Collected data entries

_ _ _

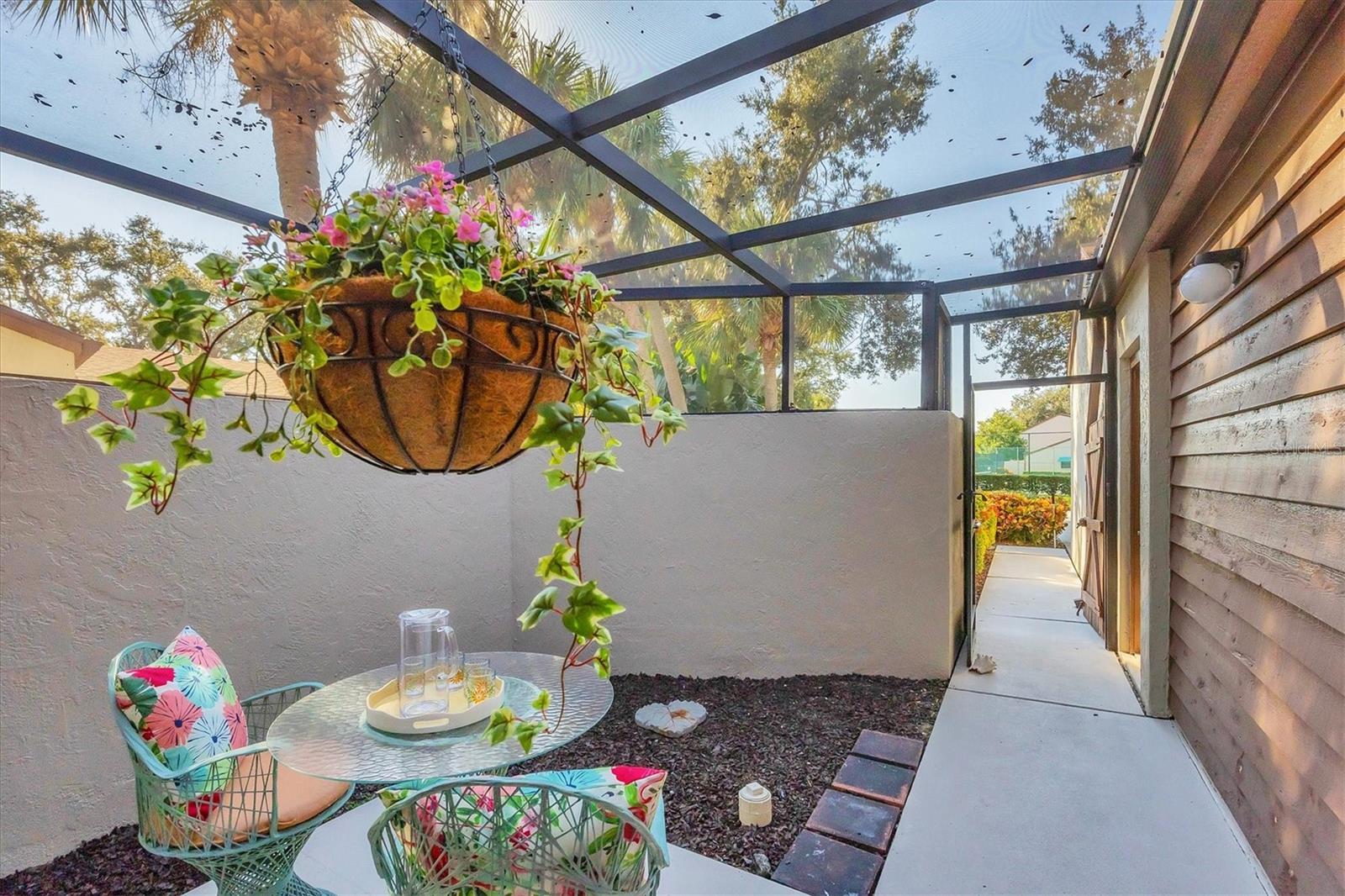 FORTY THREE WEST OAKS II - Residential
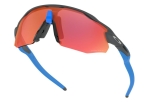 Sunglasses OAKLEY RADAR EV ADVR MCarb/Prizm TRL
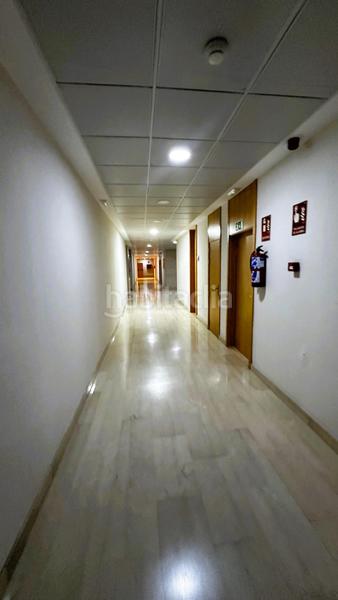 Foto 220c6215-bb9a-4731-a4b5-3c9da763efa1. Büro mit parking in Polígono Industrial-Norte San Sebastián de los Reyes Foto 220c6215-bb9a-4731-a4b5-3c9da763efa1. Büro mit parking in Polígono Industrial-Norte San Sebastián de los Reyes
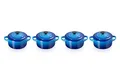 Produktbild: Garnek tradycyjny Le Creuset 250 l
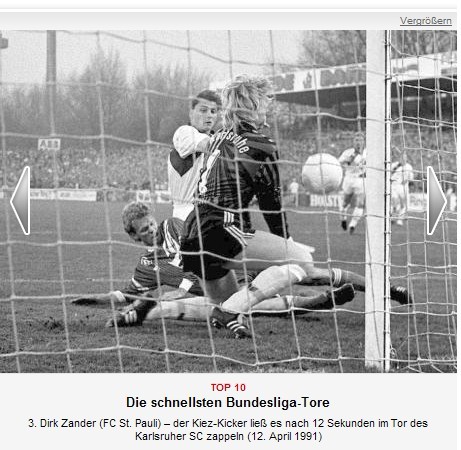 才是赢下胜 才是赢下胜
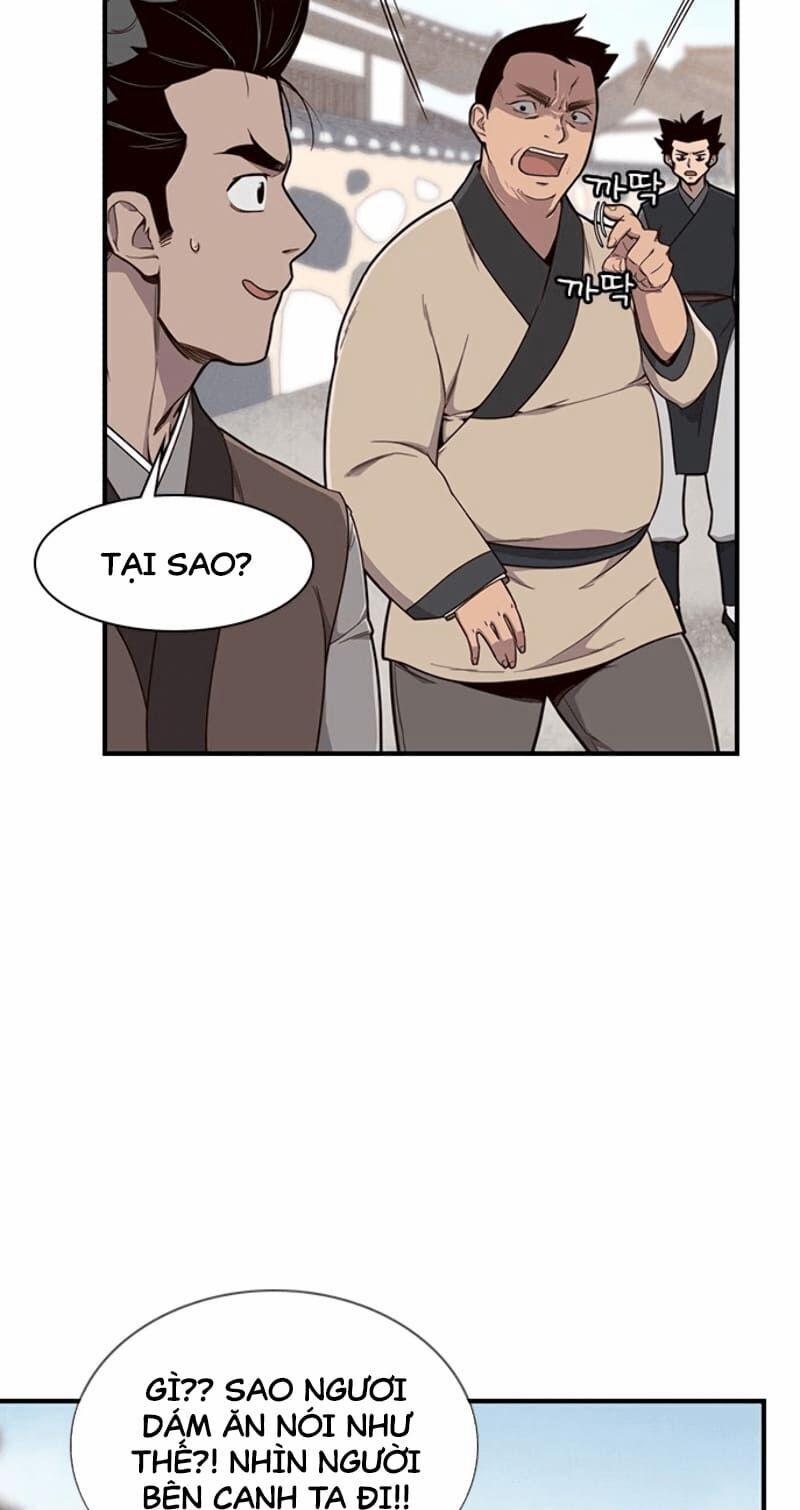 Kẻ Mạnh Nhất Lịch Sử 11 trang 25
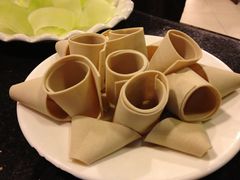 IMG_0861-蜀九香火锅(彩虹店)
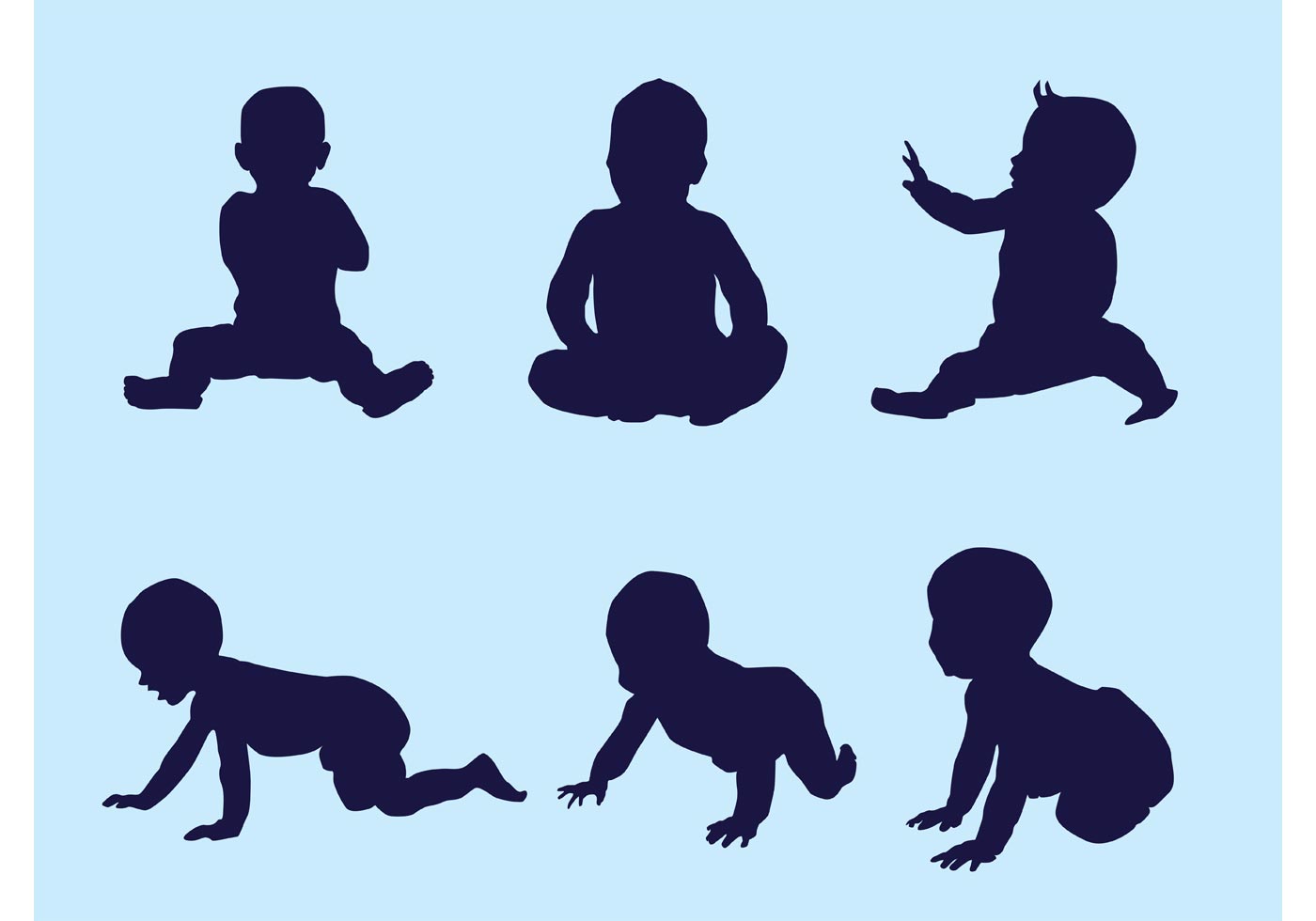 vector free download baby - photo #40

_ _ _

### Required action
All the lines above need to be repeated exactly, with no pictures carried over.

### Task output
 FORTY THREE WEST OAKS II - Residential
 Sunglasses OAKLEY RADAR EV ADVR MCarb/Prizm TRL
 Foto 220c6215-bb9a-4731-a4b5-3c9da763efa1. Büro mit parking in Polígono Industrial-Norte San Sebastián de los Reyes Foto 220c6215-bb9a-4731-a4b5-3c9da763efa1. Büro mit parking in Polígono Industrial-Norte San Sebastián de los Reyes
 Produktbild: Garnek tradycyjny Le Creuset 250 l
 才是赢下胜 才是赢下胜
 Kẻ Mạnh Nhất Lịch Sử 11 trang 25
 IMG_0861-蜀九香火锅(彩虹店)
 vector free download baby - photo #40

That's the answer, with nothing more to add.